"Yes. With the STM32 and e.g. 400kHz oscillator frequency with 8 bit prescaler I would have every 50kHz/20µs a new pitch value to walk through the wavetable. So more or less the same frequency as the sampling frequency." - gerd
One thing to watch out for is a pitch value update that is near, but not exactly, the audio sampling (PCM) rate, which can cause sampling and alias problems. This is why I run the oscillator update rate at a multiple of the PCM (~196MHz), then downsample and filter via second order CIC. A high oscillator update rate means noise picked up by the antenna below 1/2 this rate won't alias into the pitch value (if properly filtered) and I can use a relatively low order filter to resample the update rate at the PCM rate.
"And with FPU and DSP instructions. In a former project I've realized a PID controller in a 1µs task, using float point arithmetic."
I'm sure you've got enough processor there to do Theremin C sensing and voice generation. As I'm sure you know, the question is what additional hardware is necessary to sufficiently unburden the processor. For the soft processor in my FPGA I use extra FPGA hardware to buffer and drive the LC oscillators, pitch display, LCD, encoders, SPDIF, SPI, UART, etc. leaving minor filtering tasks to the processor assembly code. The 8 threads are almost entirely free to do linearization, offset, voice generation, UI, etc.
"There is a CS43L22 audio DAC on-board. Stereo, 24bit, 96kHz. The micro itself has a 12bit DAC. I think it would be suitable for some debug purpose, e.g. I could map the antenna frequency on this DAC and could see if there is 50/60Hz noise to adapt some kind of notch filter."
Ah, sorry, I should at least have caught that! If the 12 bit A/D D/A work past 10MHz or so you could drive/sense the LC tank with them, but I don't think these do? Beyond that I can't think of a use for them.

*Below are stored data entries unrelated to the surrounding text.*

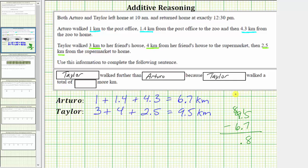In the ones place value, we have eight minus six, which equals two. We now know that Taylor walked 2.8 kilometers more than Arturo. So as a complete sentence: Taylor walked further than Arturo because Taylor walked a total of 2.8 more kilometers. I hope you found this helpful.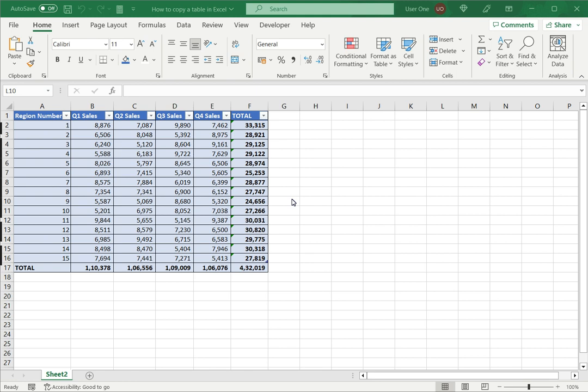Excel has many options for formatting text and numbers and it also has the provision to define a set of data as a type called a table. When I define a set of data as a table, it can be easily used in references in other formulas as well. It also becomes easier to add rows and to create calculated columns.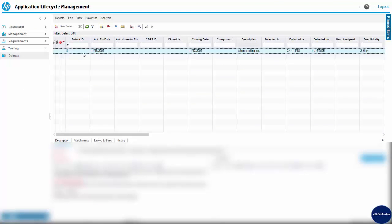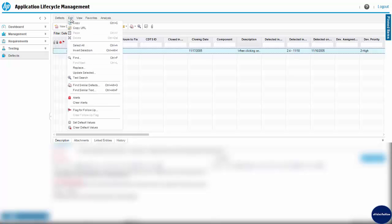To show you how ALM items could be flagged, let me take you to the ALM defect module. Here I select the defect which I want to flag for updates. Then I go to the Edit menu and select the option 'Flag for Follow-Up'.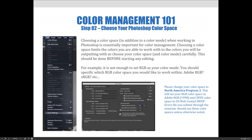You should have your color settings set to North American Pre-Press 2. This will set your working RGB color space to Adobe RGB 1998, which has a larger color gamut than sRGB, and the CMYK color space to USWebSwapSWOP. Every file you submit through the semester should use these color spaces unless otherwise noted.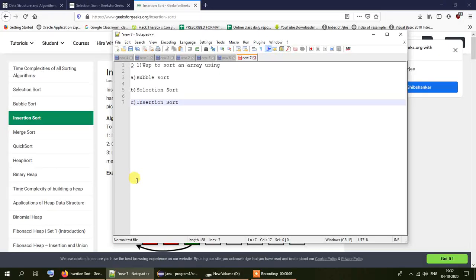Hello everybody and welcome to another video on sorting. This will be our last video on sorting and in this video we will take a look at the insertion sort mechanism. In our previous videos we have already studied the bubble sort mechanism and selection sort mechanism, and now it's our turn to learn more about insertion sort.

Custom hardware in an FPGA makes the most sense to me. (I know I'm an FPGA guy so I tend to pull out that hammer for every nail I encounter, but in this case I'm pretty sure it's true.) FPGAs have a hell of a learning curve, but there's absolutely nothing like having an ocean of configurable logic at your fingertips. You could likely do what you need to do with a <$20 Cyclone demo board. I've already developed all the Theremin-based SystemVerilog code you would need for it.